_Dataset excerpt_.
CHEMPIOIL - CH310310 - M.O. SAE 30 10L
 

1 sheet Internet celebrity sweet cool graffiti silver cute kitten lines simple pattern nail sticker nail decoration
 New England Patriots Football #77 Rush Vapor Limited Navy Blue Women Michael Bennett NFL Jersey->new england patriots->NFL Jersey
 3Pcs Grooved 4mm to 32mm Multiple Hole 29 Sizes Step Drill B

_About this exercise_. An exact restatement of the data is required.

_The answer_.
CHEMPIOIL - CH310310 - M.O. SAE 30 10L
 

1 sheet Internet celebrity sweet cool graffiti silver cute kitten lines simple pattern nail sticker nail decoration
 New England Patriots Football #77 Rush Vapor Limited Navy Blue Women Michael Bennett NFL Jersey->new england patriots->NFL Jersey
 3Pcs Grooved 4mm to 32mm Multiple Hole 29 Sizes Step Drill B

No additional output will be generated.